Simbah menerpa mencoba menguntit gulir masa dari gengaman Tarmo. Pohon wartel di kebon samping rumah sekarang sudah tak berkawan, mengayunkan dahan gersangnya, menyerakan daun pekatnya di bekas bocah bocah bercengkrama.

tegese kas nyantosani. Urip kang santosa kui urip sing sugih kapinteran to le, kaya akan kebisaan. Nah kalau sudah sugih ing samubarang hasil yang kamu maksud itu tentu akan serta merta mengikuti.”

tegese kas haminteri. Orang yang sudah merasa memiliki kebisaan tak jarang bisanya hanya minteri, ngakali marang liyan. Adigang adigung adiguna, berwatak candala dan cidra lak nggih to? dumeh nduweni kaluwihan.”

“namanya juga manungsa le, jadi wajar punya sifat yang beda beda, urip mung sadremo nglakoni. Sing penting berbudi setia dengan nurani kita, setya budya pangekesing dur angkara.”

“berbudi yang bagaimana yang simbah bicarakan? apakah sekarang masih patut punya sikap berbudi pakarti, setya budya tekaning gur kapilara. Kalau kita hanya selalu bernalar budi, hidup kita hanya kan terindas dan disakiti.”

“lho.. lha kalau tidak mituhu dengan tindak tanduk kang becik seperti itu jadinya cuma leletheging jagad saja, sampahe ndonya!”

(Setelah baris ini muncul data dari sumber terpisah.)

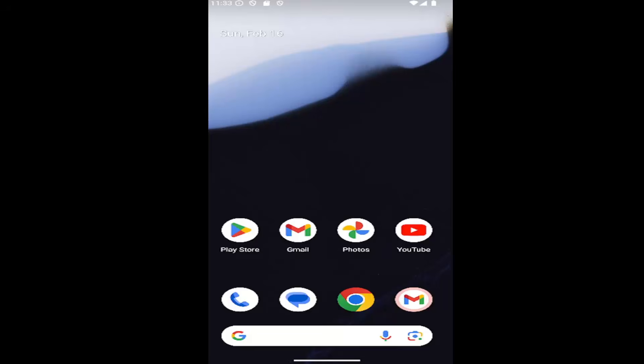In today's tutorial, I'm going to show you guys how to turn off or disable the TTY mode on your Android smartphone. So this should be a pretty straightforward process. Without further ado, let's go ahead and jump right into it.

“meski leletheging jagad tetap saja masih manusia mbah, Gusti Pangeran menciptakan makluk beserta segala sesuatu sebagai bagian dari makluk itu. Simbah selalu ngendika kalu urip mung sak dremo nglakoni, biru akan tetap menjadi biru, tanah tidak akan bisa menjadi getah dan manungsa tetaplah menjadi titah. Hampalah yang akan dijumpa jika melawan ketetapanNya."

Simbah menjeda nafas, riak mukanya menerawang batas batas pandang. Hari itu memang tidak ada pelangi, bocah bocah mengembala ataupun daun talas yang berembun. Tetap Simbah menembang meski simpul Tarmo hanya memantang.

……………………………………………………………………………………………………







Dasan, Korea Selatan.Surya kaping 28 Mei 2010.

* Pucung (ana kalane tinulis pocung) tembang macapat kang ngelingke marang pepati. Pucung cedhak karo tembung pocong, pucung dienggo tembang kang bisa ngelingake marang manungsa yen urip ing ndonya ana pungkasane.
Ananging Pucung uga nduwe watak liya. Pucung iku jenenge wiji woh-wohan. Wanda cung uga marai gawe rasa seger kang ngelingake marang perkara kang lucu kaya dene isih jaman dikuncung. Tembang iki asring dienggo tembang-tembang kang uga lucu, kayata parikan utawa bedhekan.